Task goal
Your copy must hold all of the data below, unchanged and without images.

Recorded data
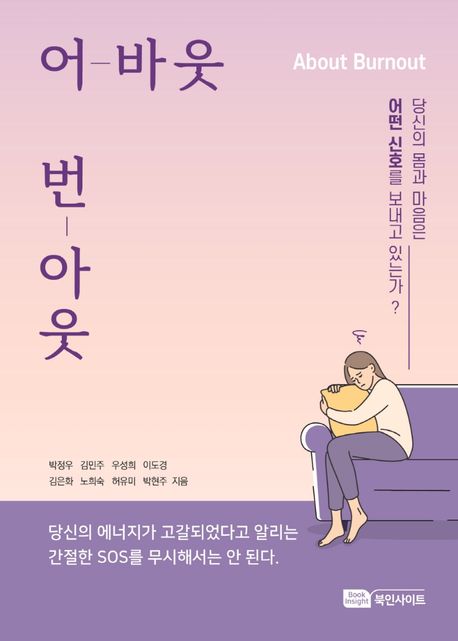 어바웃 번아웃 : 당신의 몸과 마음은 어떤 신호를 보내고 있는가?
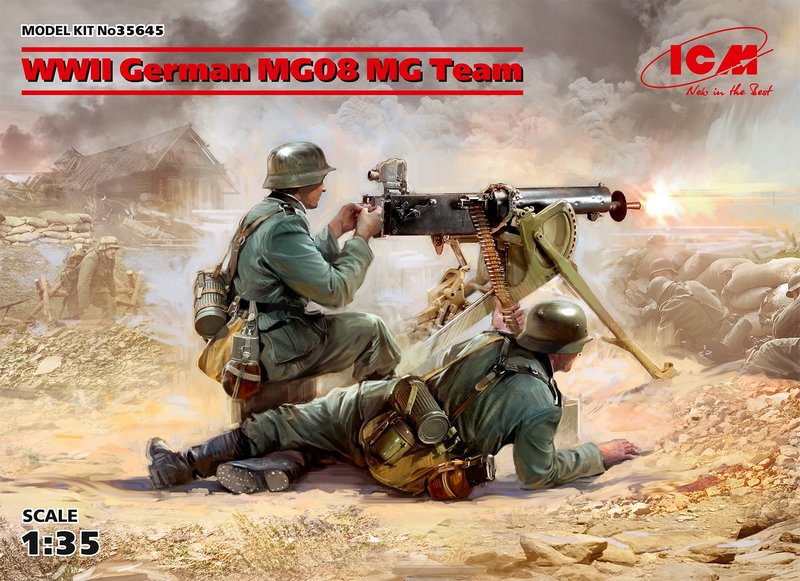 35645  фигуры  WWII German MG08 MG Team (2 figures)   (1:35)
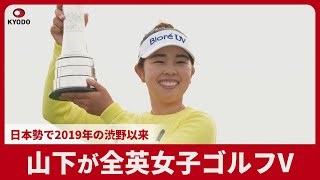 Yamashita Wins British Women's Golf Open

Response to the exercise
 어바웃 번아웃 : 당신의 몸과 마음은 어떤 신호를 보내고 있는가?
 35645  фигуры  WWII German MG08 MG Team (2 figures)   (1:35)
 Yamashita Wins British Women's Golf Open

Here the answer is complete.